米国防長官来日 同盟の課題に決断を急げ

朝日新聞 2009年10月22日

普天間移設 新政権の方針を詰めよ

米海兵隊の沖縄・普天間飛行場は県内の名護市辺野古へ移設するのが唯一の道であり、代替案はない。訪日したゲーツ米国防長官は、米国の基本的立場をそう強調した。

辺野古への移設は日米双方の前政権が合意したことだ。政権交代に伴ってそれを検証し、必要があれば見直しを提起するのは当然のことだろう。オバマ政権は検討の結果、現行案がベストとの判断に立つ。さて、鳩山新政権はどうするのか。

「私どもには新しい政権の考えがありますから、時間をかけながらいい結果を出したい」。鳩山首相は記者団にこう語った。北沢俊美防衛相、岡田克也外相ともども、会談ではゲーツ長官にそうした意向を伝えた。

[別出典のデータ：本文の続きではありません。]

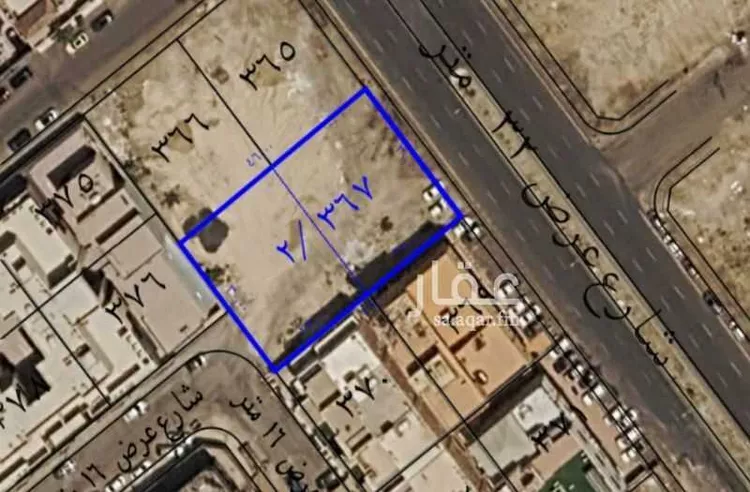 Land for Rent in Jeddah Al Shera'a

そもそも民主党は普天間飛行場の県外、もしくは国外への移設を求めてきた。米国の立場はそれとして、日本側が新たな可能性を含めて検討しなおしたい、それまで時間を貸してほしいというのは無理のないことだ。

ただ、それが単なる結論の先送りであってはならない。首相は来年1月の名護市長選の結果を見極める意向も示している。地元の民意を尊重するのは大事にせよ、迫られているのは新政権の決断であり、国民を説得できる結論であることを忘れてはなるまい。

あらゆる選択肢を真剣に探り、その結果を国民の目に見えるようにしてもらいたい。そのうえで方針を固め、実現に動くことだ。住宅密集地にある普天間飛行場の危険性は早く除きたいし、米国の忍耐にも限りがある。計画を見直すのであれば、今度こそ実行できるよう国内をまとめ、米国を説得できなければならない。

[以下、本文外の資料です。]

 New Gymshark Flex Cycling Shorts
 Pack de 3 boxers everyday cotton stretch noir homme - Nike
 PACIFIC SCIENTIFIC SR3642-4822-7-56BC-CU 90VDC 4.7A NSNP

国防長官の発言を聞く限り、米国の姿勢はかなり硬そうだ。辺野古への移設が実現しなければ普天間は残り、海兵隊8千人のグアム移転など、沖縄の負担軽減にもつながる在日米軍の再編計画全体が動かなくなるという。

その危機感は理解できる。だが、それでもなお、貴重な自然の残る海を埋め立て、ただでさえ米軍基地が集中する沖縄に新たに恒久的な基地をつくることに、国民や県民が納得しているとは言い難い。その思いをどうくみ取り、政権交代に寄せた人々の期待に応えるか。それが首相に迫られている。

この問題での日米の意見の相違が同盟関係全体をきしませるような方向に向かうことは避けなければならない。同盟の根幹は両国の基本的な利害の一致であり、相互信頼である。普天間問題が突出して両国関係を傷つけるとしたら、日米双方にとって不幸だ。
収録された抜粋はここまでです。